On the other hand, using a real-time simulator inside a test bench makes it possible to generate and inject into the speed governor a signal that is computed according to the current power variation of the generator. If this input signal results from simulated speed computed according to the turbine power variation and rotating inertia, we are performing a closed-loop test, corresponding to the operation in islanded network. The system response could therefore be considered as the natural response to an external disturbance, actually a load variation, as if the generating unit was supplying this load alone, i.e. as if operating in islanded (isochronous) mode.
The main added value of BERTA is to provide this feature that ensures the speed governor is correctly set for isochronous mode frequency stability and for contributing to the whole power system stability. If a closed-loop test conducted with the test bench reveals instability or under-damped oscillations, this means the tested unit deteriorates the whole system stability. As too many generating units exhibit similar behaviors, the whole system stability is endangered. When 50% of its total rotating inertia originates from units that would be unstable in isochronous operating mode, a system is on the edge of a major outage.
Some results from the use of BERTA
Since 2009, Hydro-Quebec Production has used RT-LAB BERTA to validate governor settings that were recommended following off-line simulations, to make sure that they contribute to Quebec’s grid stability.
BERTA recently demonstrated its efficiency in a series of on-site tests at Eastmain 1A. Tests on a 260-MW unit were conducted to identify and validate the speed governor and hydraulic turbine dynamic models to be used in the utility’s power system transient stability program. Its integrated islanded operation real-time simulator, directly connected to the generating unit speed governor, was used to identify and validate the speed governor and turbine models and find adequate settings for islanded operation, thus ensuring the unit will contribute to the whole power system stability.
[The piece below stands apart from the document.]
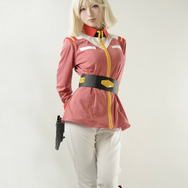 セイラ・マス「機動戦士ガンダム」／提（X：@hisage_）、撮影：ドヤケン（X：@subCYL）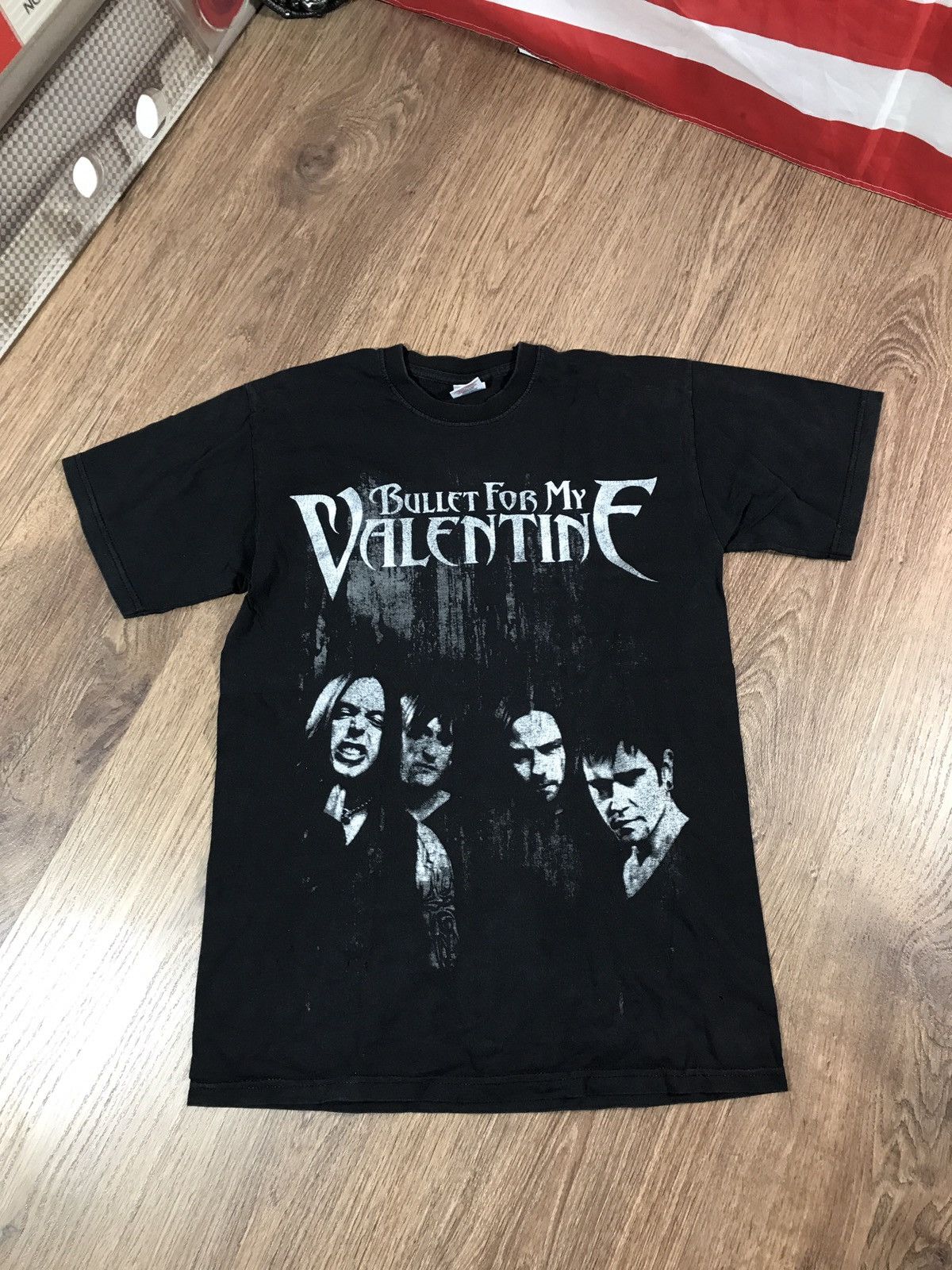 Band Tees Vintage Bullet For My Valentine T Shirt Band Logo Size US S / EU 44-46 / 1 - 1 Thumbnail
As was the case with former on-line tests in two other hydroelectric plants, the islanded operation simulator made it possible to observe poorly damped gate servomotor oscillations that cannot be revealed by conventional open-loop tests.
Sebastien Guindon, the lead engineer in speed governor testing at Hydro-Quebec Production, says: “Hydro-Quebec Production used BERTA to test hydraulic turbines and their governors in four hydropower plants. The last, but not least, was at Eastmain 1A power plant. Through real-time simulation of islanded system operation, using the real controllers, turbine and generating unit, it was shown how the use of classical theoretical models can be hazardous. It is recommended to perform tests for model identification and also for simulation behavior especially in isolated network to ensure that the controller settings contribute to network stability.”
At the Eastmain 1A powerhouse, the PSS emulator integrated in the BERTA simulator made it possible to demonstrate how valuable it is to use a multi-band PSS in reducing the frequency deviation following a major power/load unbalance disturbance. Figure 3 shows the effect of a multi-band PSS on the frequency deviation amplitude and stability. Considering the governor settings that were used during these two tests, it is obvious the multi-band PSS has a great stabilizing effect on the tested unit. It would have been impossible to observe this effect in open-loop and closed-loop tests without PSS emulation.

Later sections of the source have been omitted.